Gelato everywhere, in the name of hybridisation

Gelato everywhere, in the name of hybridisation

In formats, fittings and equipment, there is a less clear distinction between gelato, pastry, coffee, bakery, foodservice and bars – all sectors featured at HostMilano

The distinction between gelato, pastry, bakery, coffee and foodservice is becoming more blurred, thanks to the appearance of hybrid formats.

Increasing numbers of professionals are ‘hopping’ between once rigidly-defined sectors, with exclusive, dedicated formats. Gelato makers experimenting with bread-making and other leavened items, star-rated chefs opening gelaterias and pastry shops, with good-quality coffee thrown in for good measure.

A trend made even more evident by the opening of new establishments that bring together under one roof foodservice, a pastry shop and a bar/café offering mixology (such as Paolo Griffa’s Caffè Nazionale in Aosta) and machines that change function and temperature to suit the season and production requirements, as they shift effortlessly from gelato to pastry. We have also seen (at ‘142 Restaurant’ in Milan) croissant and snack showcases that turn opaque after dinner and turn into furnishing elements.

Flexibility will become increasingly important if establishments are to adapt to thevarious occasions for consumption during the day and the different needs of customer segments: sustainability and snacks outside traditional mealtimes for GenZ-ers, certified and niche products for Millennials, offers of premium and traditional items for the over-55s.
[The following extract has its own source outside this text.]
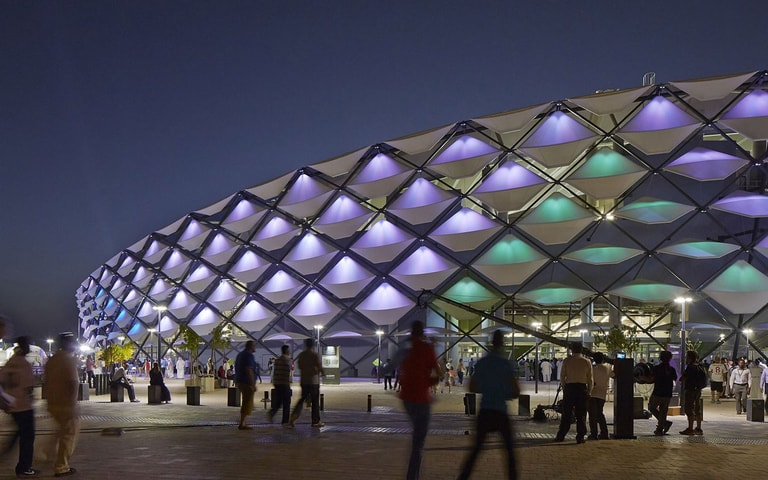 Hazza Bin Zayed Stadium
These are all needs that new-millennium gelato can respond to. In various channels, including the very latest: food delivery, which has seen a constant growth in chilled desserts over the years, thanks among other things to the pandemic and climate change. In the last year alone it has risen by +41% (data: JustEta/BVA Doxa).

“For quite a few years now, when it starts to get colder (in October, and through to March) we have introduced chocolate and biscuits,” says Curzio Baraggi, owner of Gelateria Prossima Fermata in Milan, “but we have also noticed that even during the winter months people are now more likely to enjoy ice cream and popsicles in front of the TV.”

The hybrid approach is one that HostMilano, whose unique display concept brings together vertical specialisation with production line affinities in the macro areas of Professional Foodservice, Bakery-Pizza-Pasta; Coffee-Tea-Bars, Coffee Machines and Vending, Gelato-Pastry and furnishings, Technology and Tableware, has always embraced. “The strength of HostMilano,” says Baraggi, looking forward to the 2023 edition, which will be held at fieramilano Rho from 13 to 17 October, “is the way it brings together the different branches of foodservice, pastry and gelato and offers an opportunity to get to know new people, learn about new equipment and gain insights into the new gelato products we can then introduce the following year.”